Hopefully by now, you have gained some valuable insight around starting the CRM journey at your company. I am excited to share our firm’s knowledge and experiences with you, but I realize it may be a lot to digest at one time. I encourage you to leave comments in response to this or other posts in the “CRM – It’s a Journey, NOT Just a Project” series. OK, let’s move on to my fifth insight…
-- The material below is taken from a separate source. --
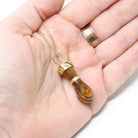Mano Figa Pendant - Modernist 18k Yellow Gold Natural Tiger's Eye Good Luck Charm - Vintage Circa 1970s Era Symbolic Hand Fine Jewelry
Insight 5: Beware of Self-Implementations, Quick Start Programs, and New Hire Gurus
I’d like to make an analogy. Let’s say you decided to buy a new high-quality suit that you anticipate lasting through a few years of frequent use. You make a trip over to Barneys to spend $1500 on your new threads. It looks great, however, you need to get it tailored. You decide that because you have splurged on a high-quality suite you will save some money by having your local dry cleaner make the adjustments. Your suit comes back a couple weeks later and they have butchered (no pun intended) your expensive buy. You get upset. What happened? They didn’t measure right. They didn’t cut right. They didn’t have much relevant experience with your measurements or that particular brand or style of suit. They don’t know how to fix it. Are you getting the parallel? If you bring it to the dry cleaner, that’s a software implementation quick start program. If you tailor the suit yourself, that’s self-implementing your CRM. If you let your new neighbor down the hall give it a shot, that’s letting the new hire who claims to know CRM well (but knows nothing about your business processes or culture) deploy this critical system. Alarmingly, I’ve see more and more of this behavior recently with poor results. Do I have statistics to back up my claim? My response is that my firm makes a lot of money redeploying CRM solutions which were initially deployed with these methods. I recognize that there is a time and a place for these approaches and that there are indeed case studies of success. However, I am confident in asserting that in the long run, both fees and business disruption are lower when you allow proven experts to help you deploy CRM.
Insight 6: Chunk It Out
My undergraduate degree was in physics not english, and therefore, I am allowed from time to time to use less sophisticated words to drive home a point. Whether you relate to “chucks” or “phases” or “milestones”, the key concept remains the same. Bite off an initial set of requirements which are seemingly very reasonable to accomplish with your initial CRM rollout. It’s OK if you feel as though you are setting the bar slightly lower than you had anticipated because you WILL inevitably be thrown curveballs which will add to the complexity of your project (I also played baseball in college, hence the analogy). Beware of the consulting firm who encourages you to do everything up front. If they truly believe in building a long-term partnership with you, they will understand that your organization can only absorb so much change at one time. Of course there are circumstance where a larger scope is warranted (i.e. when key systems or processes are too closely coupled to make incremental changes), but generally speaking most clients can “Chunk it out”. Our rule of thumb at V2 is to encourage clients to agree on a scope which we can successfully execute together in six months or less.